事例②2011年の夏から秋にかけて、被災地の民俗芸能が復活した
民俗芸能には、鎮魂と供養という意味合いが込められていた。したがって、多くの人が一度に亡くなったこの時期に、民俗芸能が復活するのは何ら不思議なことではない、と赤坂は論じている。

→今後検討すべきこと

・具体的にどこの民俗芸能が復活し、どこが復活しなかったのかという基本的なデータが必要

・復活した民俗芸能が、2012年7月の『明治天皇百年祭 郷土芸能奉納』や、2014年4月の『昭憲皇后百年祭』で奉納されたということ(磯前順一氏が『死者のざわめき』(2015、河出書房新社)で指摘している)をどう考えるのか。

 

 2.今回の津波で潟に戻ってしまった場所は、明治30年代の国家事業としての干拓によって陸となったところだ。人口8000万人の日本列島の姿を見据え、そこが再び潟や浦に戻っていくこともあるのではないか。例 八沢浦

 
明治30年代に干拓が行われて田んぼになったところが、津波に洗い流されて、潟のようになっている。浦に戻ったのだ」(赤坂 2012:48)

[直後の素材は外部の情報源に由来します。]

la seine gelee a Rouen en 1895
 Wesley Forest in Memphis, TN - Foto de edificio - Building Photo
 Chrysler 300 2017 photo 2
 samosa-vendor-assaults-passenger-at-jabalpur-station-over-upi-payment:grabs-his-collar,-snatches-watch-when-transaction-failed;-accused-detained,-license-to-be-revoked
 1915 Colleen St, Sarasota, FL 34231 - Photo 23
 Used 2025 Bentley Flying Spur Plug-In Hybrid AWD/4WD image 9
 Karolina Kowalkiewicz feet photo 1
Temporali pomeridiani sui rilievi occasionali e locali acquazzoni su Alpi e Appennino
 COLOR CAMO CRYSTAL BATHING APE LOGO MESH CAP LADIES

「妄想のように受け取られるとは思いますが、こんなシナリオはどうでしょうか。それは潟や浦といった自然生態系をそのままに受け入れることです。百年前の八沢浦には、風光明媚な潟が広がっていて、そこで漁が行われ、塩づくりが行われていました。日本の近代は潟をひとつひとつ壊し、水田に変えてきましたが、潟というのは生物多様性の宝庫だったのです。日本的な海辺の風景がそこに凝縮されていたのです。」(赤坂 2012:94)

 

私はこの議論に関しては、かなり反発をおぼえます。 今後、より丁寧に考えていきたいと思います。